Former Irish Prime Minister Bertie Ahern, who worked closely on the negotiations leading to the Good Friday agreement in Northern Ireland, said Kennedy "lived to see two great chasms bridged, between Catholic and Protestant in Northern Ireland and between black and white in his own United States."
"These achievements, which were the dreams imagined by his brothers in his youth, were the legacy of a long life and of a good and great man who, no matter how often he stumbled or the cause stalled, continued with a tenacity and a great belief that was the hallmark of everything he did and of the man he was," Ahern said in statement.
Irish President Mary McAleese said Kennedy would be remembered "as a hugely important friend to this country during the very difficult times."

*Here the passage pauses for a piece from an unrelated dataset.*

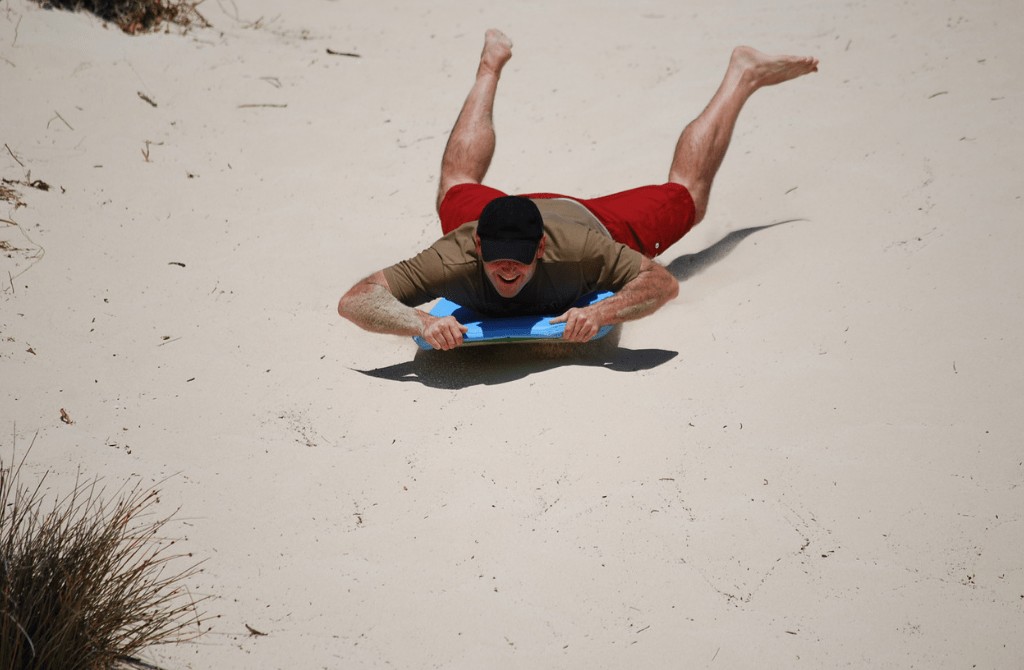 Sandboarding on Ninety Mile Beach, New Zealand North Island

McAleese hailed Kennedy for making an "outstanding and remarkable personal contribution" to Ireland, "despite the sacrifice and sorrow that was part of the overall contribution of the entire Kennedy family," adding that his death would be "greeted with a great sense of sadness here."
These sentiments were echoed by Irish Foreign Affairs Minister Micheal Martin, who said Kennedy was "the embodiment of the Irish immigrant story," and that Ireland owed him "a particular debt of gratitude ? for always being a true and loyal friend and steadfast supporter."
"He was, to the very end, a true profile in courage," Martin said.